### Work required
Pictures do not belong in the output. Reproduce exactly the lines from the start of the records through the line with "anatomy Series Strutture".

### Source material
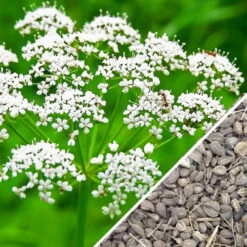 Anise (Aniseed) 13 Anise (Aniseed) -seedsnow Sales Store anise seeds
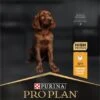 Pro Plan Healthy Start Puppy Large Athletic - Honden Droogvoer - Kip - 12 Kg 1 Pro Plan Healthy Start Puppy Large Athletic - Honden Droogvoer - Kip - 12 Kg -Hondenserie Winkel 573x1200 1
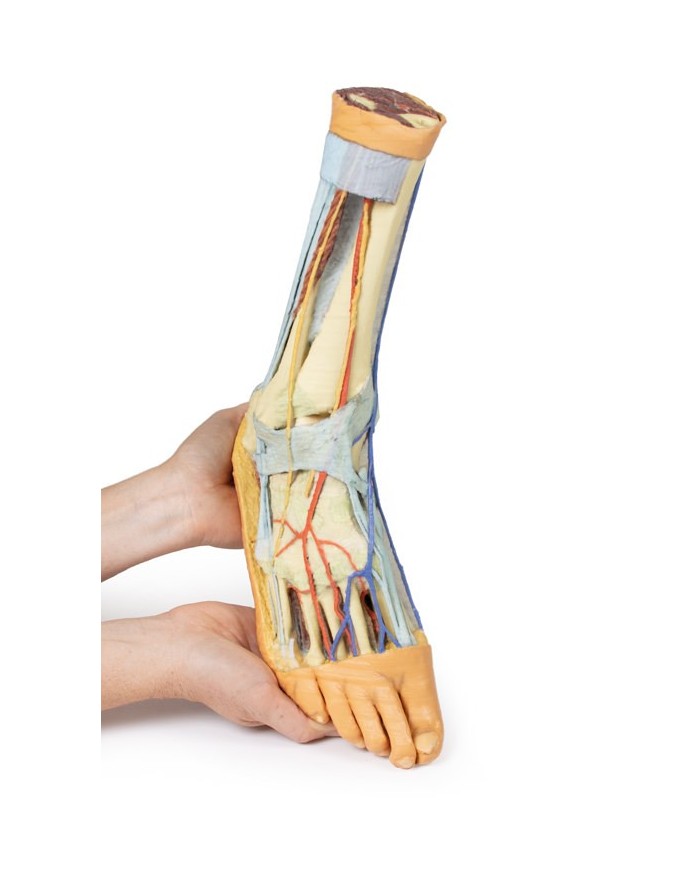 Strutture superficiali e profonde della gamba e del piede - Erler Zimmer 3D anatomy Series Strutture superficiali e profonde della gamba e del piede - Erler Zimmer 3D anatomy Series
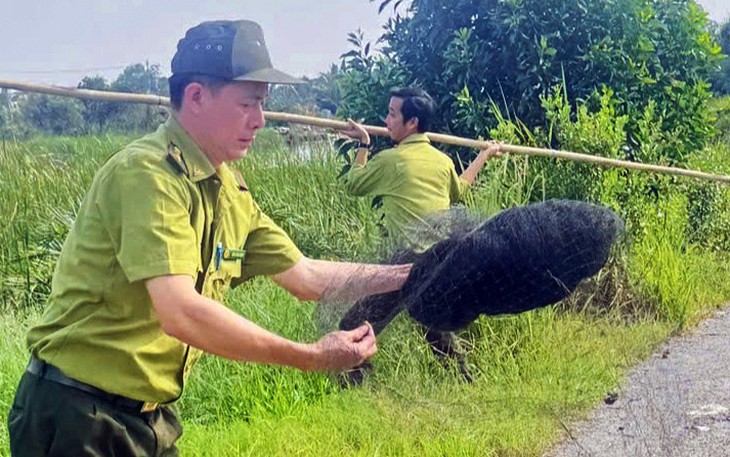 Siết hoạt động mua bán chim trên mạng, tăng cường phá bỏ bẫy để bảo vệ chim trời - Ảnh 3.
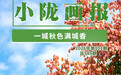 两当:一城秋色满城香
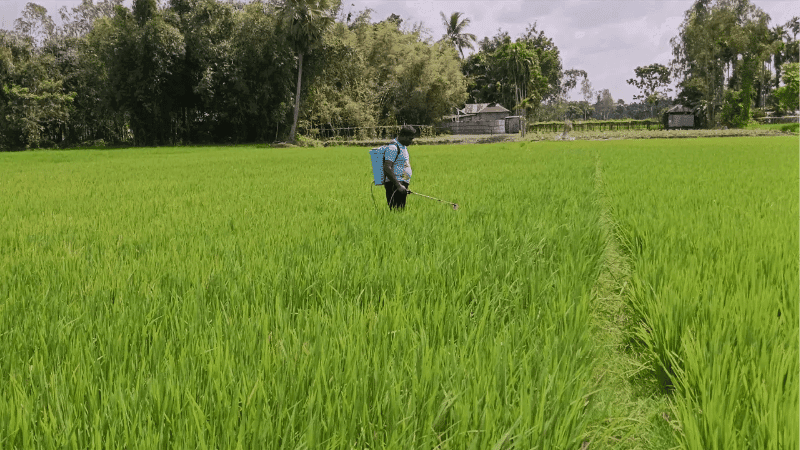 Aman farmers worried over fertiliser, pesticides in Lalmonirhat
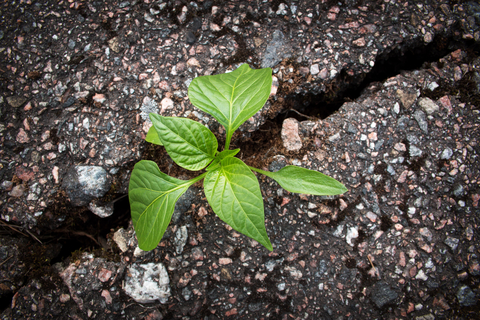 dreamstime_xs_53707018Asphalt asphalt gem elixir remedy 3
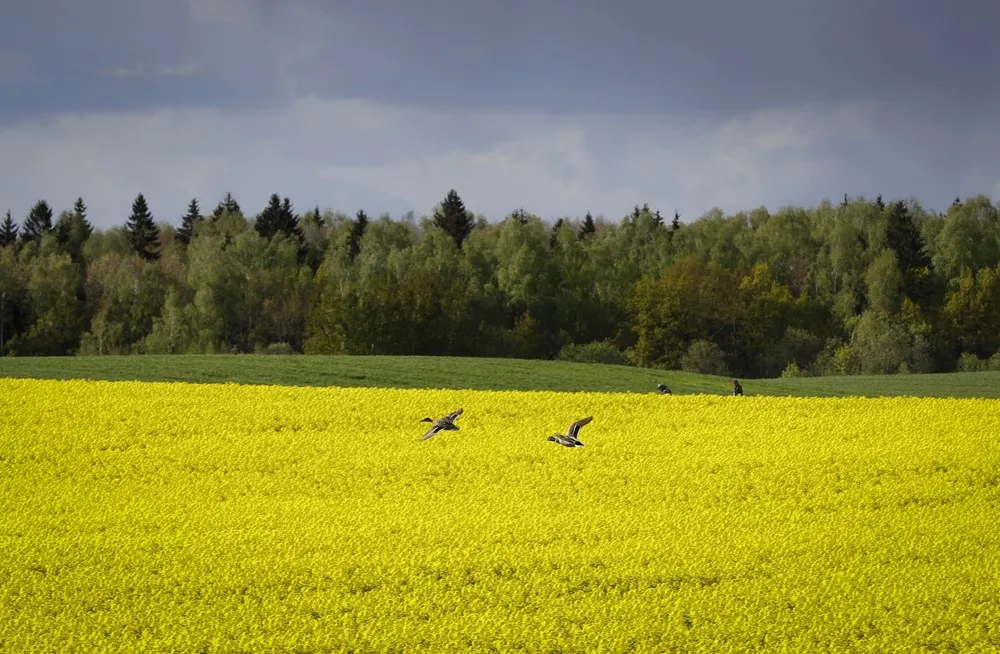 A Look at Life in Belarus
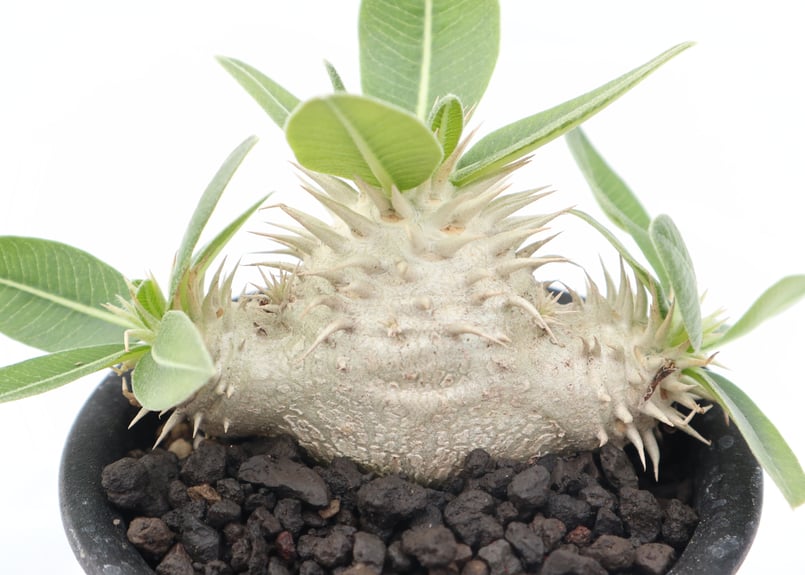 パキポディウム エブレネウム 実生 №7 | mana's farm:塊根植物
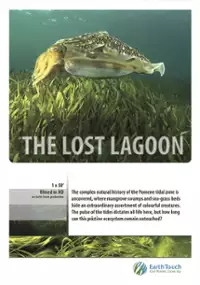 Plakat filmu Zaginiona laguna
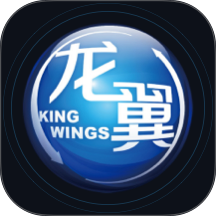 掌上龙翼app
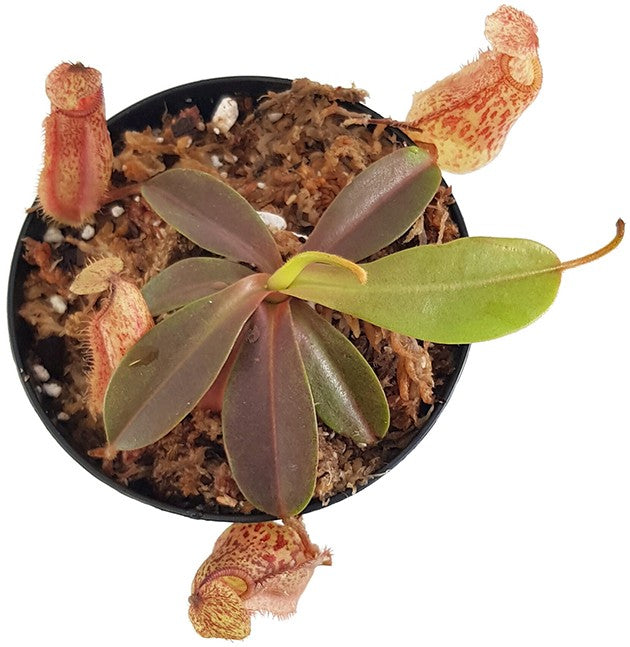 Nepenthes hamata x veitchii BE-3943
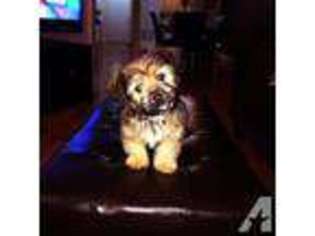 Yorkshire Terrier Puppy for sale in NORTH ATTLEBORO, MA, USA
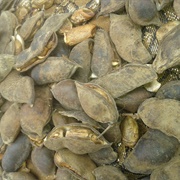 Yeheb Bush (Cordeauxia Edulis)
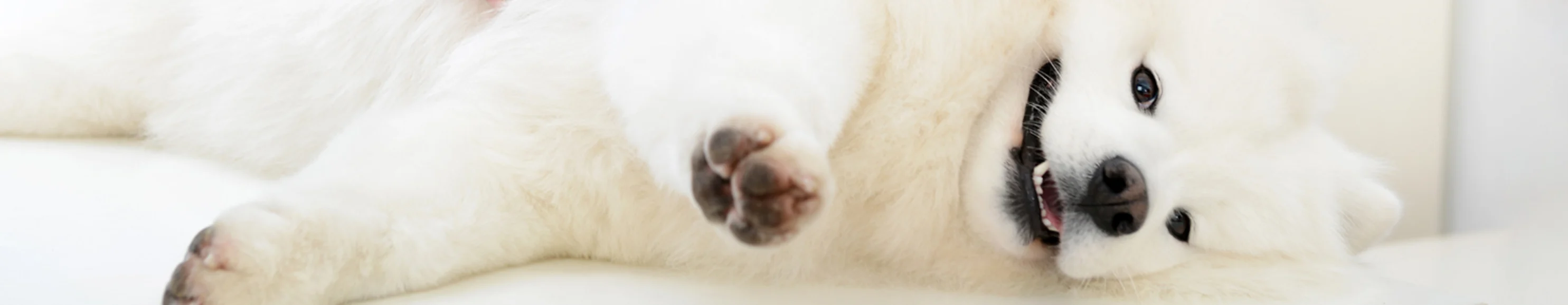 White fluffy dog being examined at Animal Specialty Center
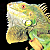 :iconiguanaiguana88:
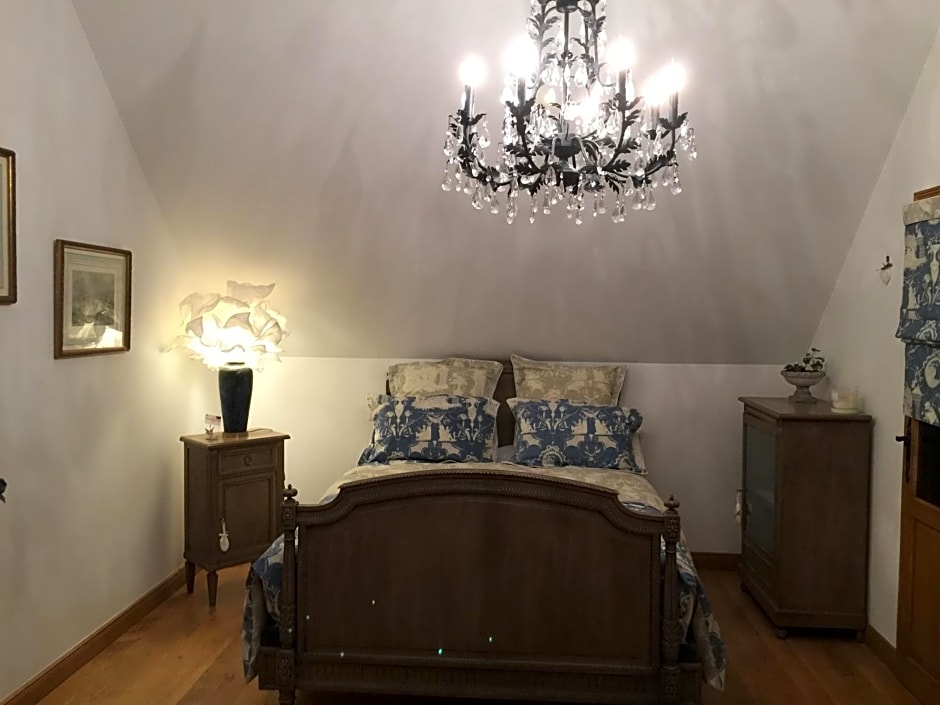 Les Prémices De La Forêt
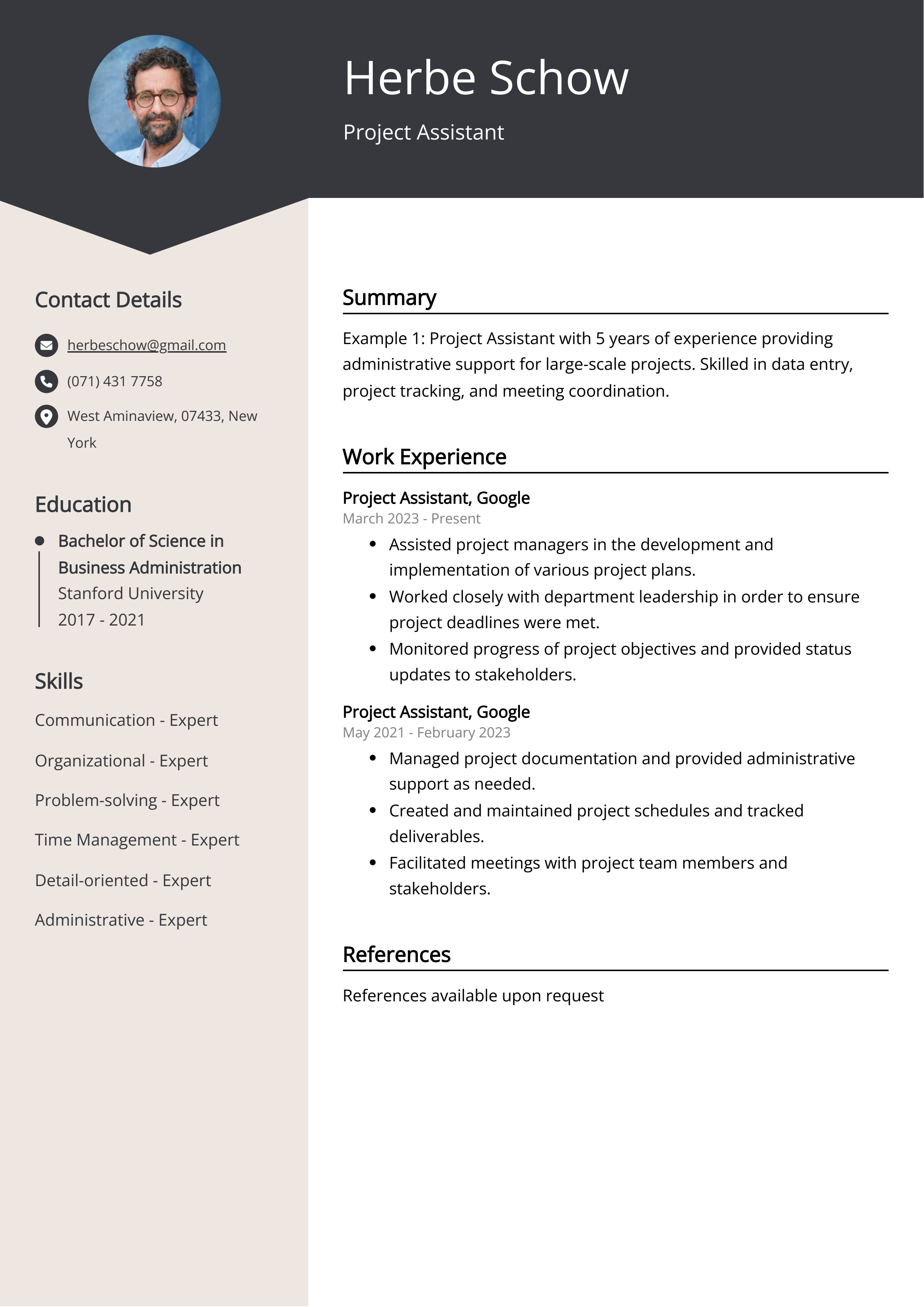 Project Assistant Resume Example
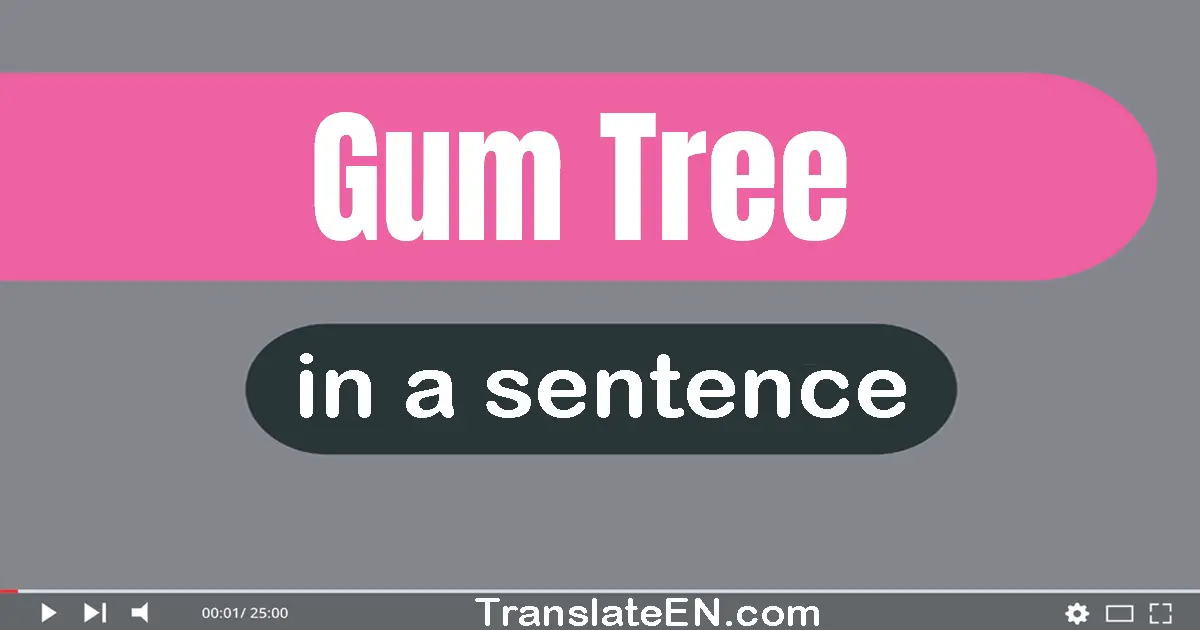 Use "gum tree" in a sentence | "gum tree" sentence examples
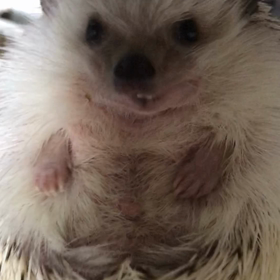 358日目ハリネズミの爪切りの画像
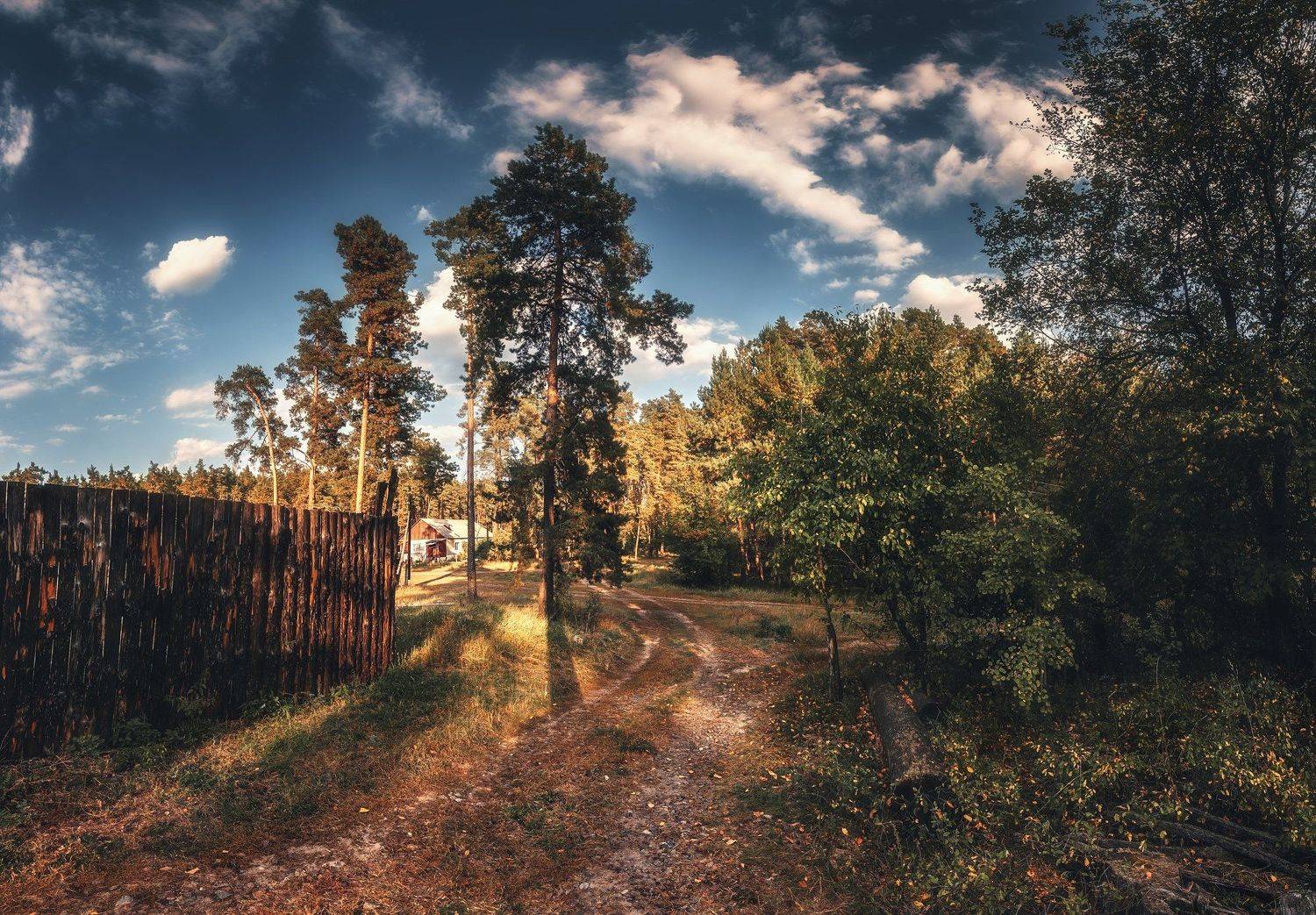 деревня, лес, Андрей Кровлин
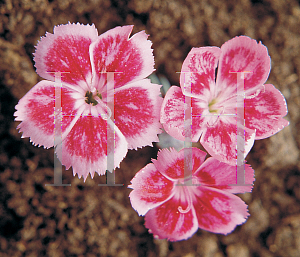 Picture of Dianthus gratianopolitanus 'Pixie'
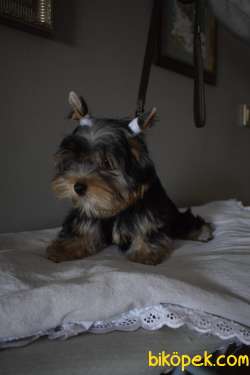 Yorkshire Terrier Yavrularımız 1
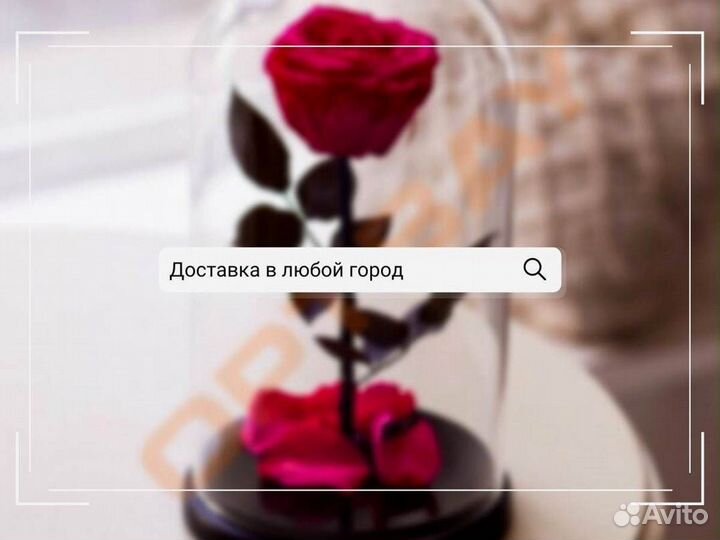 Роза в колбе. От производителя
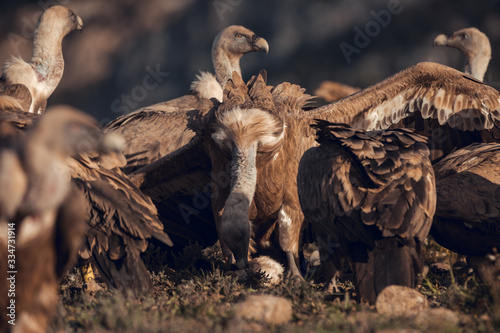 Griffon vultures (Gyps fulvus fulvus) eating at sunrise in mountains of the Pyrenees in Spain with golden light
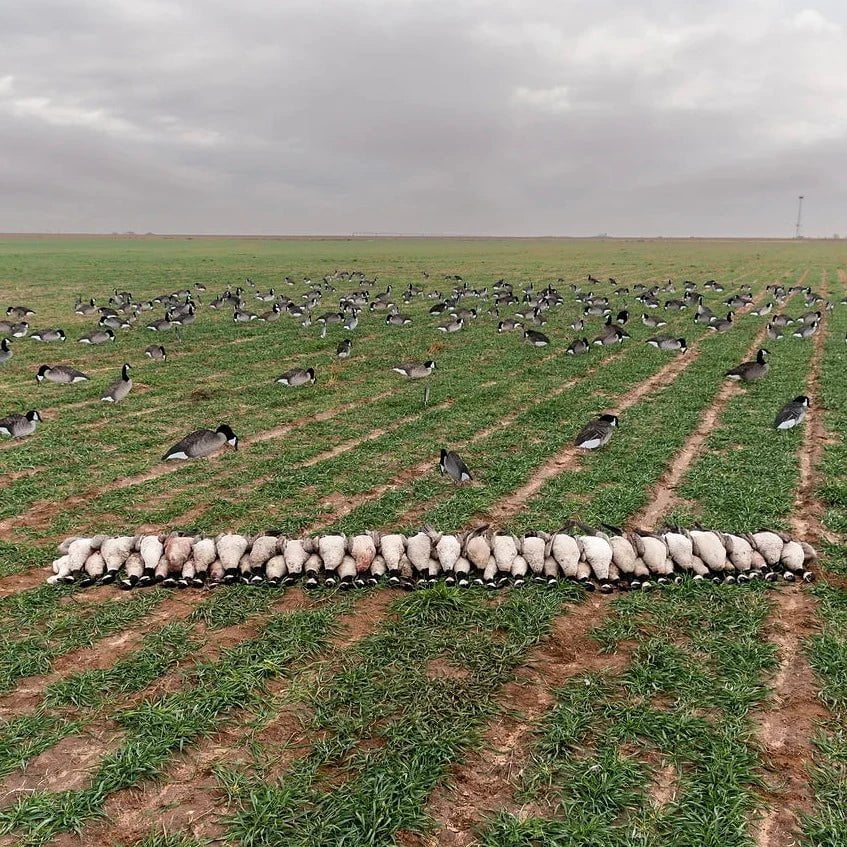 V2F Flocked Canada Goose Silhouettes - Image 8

### Output of the exercise
 Anise (Aniseed) 13 Anise (Aniseed) -seedsnow Sales Store anise seeds
 Pro Plan Healthy Start Puppy Large Athletic - Honden Droogvoer - Kip - 12 Kg 1 Pro Plan Healthy Start Puppy Large Athletic - Honden Droogvoer - Kip - 12 Kg -Hondenserie Winkel 573x1200 1
 Strutture superficiali e profonde della gamba e del piede - Erler Zimmer 3D anatomy Series Strutture superficiali e profonde della gamba e del piede - Erler Zimmer 3D anatomy Series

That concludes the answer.